**Record excerpts:**

[Start of section]

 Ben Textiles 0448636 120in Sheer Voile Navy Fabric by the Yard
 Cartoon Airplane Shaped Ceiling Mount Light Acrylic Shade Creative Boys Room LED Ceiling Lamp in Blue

[End of section]
[Start of section]

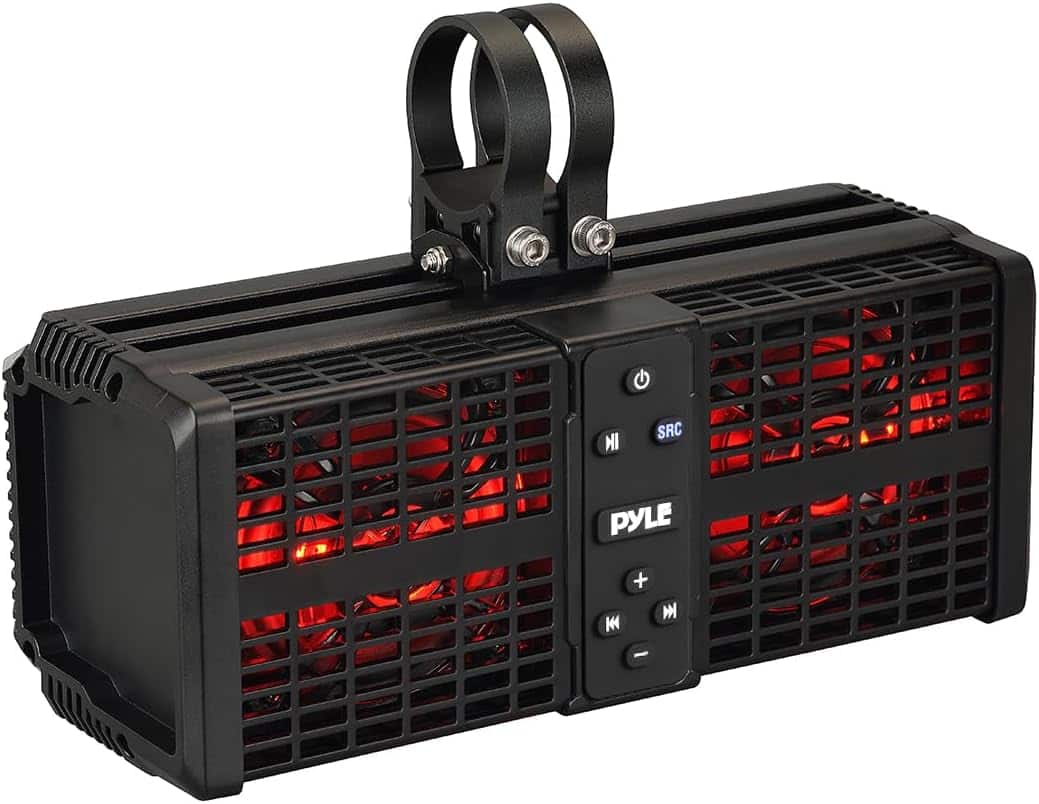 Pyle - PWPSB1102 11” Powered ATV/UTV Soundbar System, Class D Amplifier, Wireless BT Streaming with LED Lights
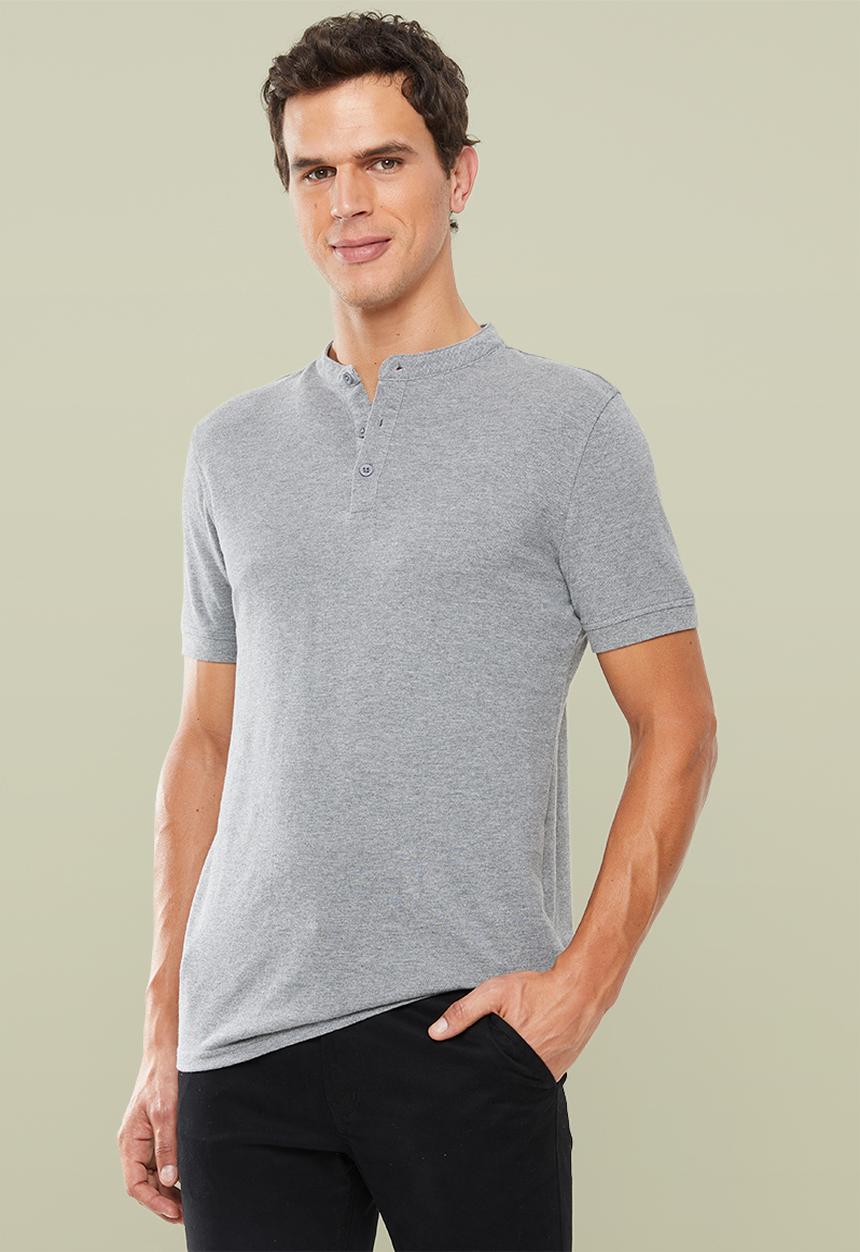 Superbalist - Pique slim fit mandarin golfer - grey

[End of section]

In the listing above, find the line containing "Ben Textiles 0448636" and the line containing "Cartoon Airplane Shaped", then quote both, plus every line between them, exactly as written.

 Ben Textiles 0448636 120in Sheer Voile Navy Fabric by the Yard
 Cartoon Airplane Shaped Ceiling Mount Light Acrylic Shade Creative Boys Room LED Ceiling Lamp in Blue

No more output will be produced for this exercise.